Ongoing Programs and Education
In addition to the facility’s main exhibits, the Barbey Maritime Center, opened in 2013, serves as a center for boat building and historic preservation efforts and public programming, including classes, workshops, and demonstrations. Housed within the former Astoria Railroad Depot building adjacent to the museum, the Center offers 6,000 square feet of multipurpose space focused around the craft of boat building and its history and role within the culture of the Astoria area. A variety of courses are offered to the public, including courses taught in conjunction with Clatsop Community College. All boat building courses emphasize both European and Native American boat building techniques and are available for participants of all skill levels.
Group tours of the museum are offered for groups of 10 or more, including 90-minute curriculum-incorporated tours for elementary and secondary school student groups. Learning lab programs are offered for student groups, allowing themed exploration of museum exhibits and group workshop activities related to STEM principles and maritime concepts.

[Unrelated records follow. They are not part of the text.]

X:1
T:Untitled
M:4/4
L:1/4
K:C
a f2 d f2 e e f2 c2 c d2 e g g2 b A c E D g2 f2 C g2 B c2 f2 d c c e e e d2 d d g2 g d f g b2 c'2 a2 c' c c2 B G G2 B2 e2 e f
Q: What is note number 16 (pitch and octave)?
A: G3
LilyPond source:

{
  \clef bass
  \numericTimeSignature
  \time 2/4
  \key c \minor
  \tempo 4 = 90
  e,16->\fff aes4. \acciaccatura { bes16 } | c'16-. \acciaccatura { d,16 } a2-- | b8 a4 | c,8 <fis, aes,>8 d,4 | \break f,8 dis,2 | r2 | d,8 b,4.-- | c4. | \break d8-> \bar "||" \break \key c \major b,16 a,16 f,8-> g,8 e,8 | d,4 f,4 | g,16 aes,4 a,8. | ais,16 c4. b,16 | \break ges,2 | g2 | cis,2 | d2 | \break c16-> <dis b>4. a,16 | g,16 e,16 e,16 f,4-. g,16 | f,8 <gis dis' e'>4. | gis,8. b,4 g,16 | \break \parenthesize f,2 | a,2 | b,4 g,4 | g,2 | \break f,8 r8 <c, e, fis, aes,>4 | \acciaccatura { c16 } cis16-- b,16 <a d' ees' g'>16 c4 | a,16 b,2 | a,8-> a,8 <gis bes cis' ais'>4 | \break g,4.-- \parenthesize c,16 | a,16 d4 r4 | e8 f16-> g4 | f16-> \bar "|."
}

A traveling trunk program also brings museum collections directly into the classroom, and a traveling museum educator series brings themed content related to Oregon history and aquatic ecosystems into classrooms. All educational programs are supported through the Quest for Truth Foundation and incorporate national Common Core curriculum standards. Self-guided educational tours for school groups may also be scheduled, with educational materials provided for participants upon request.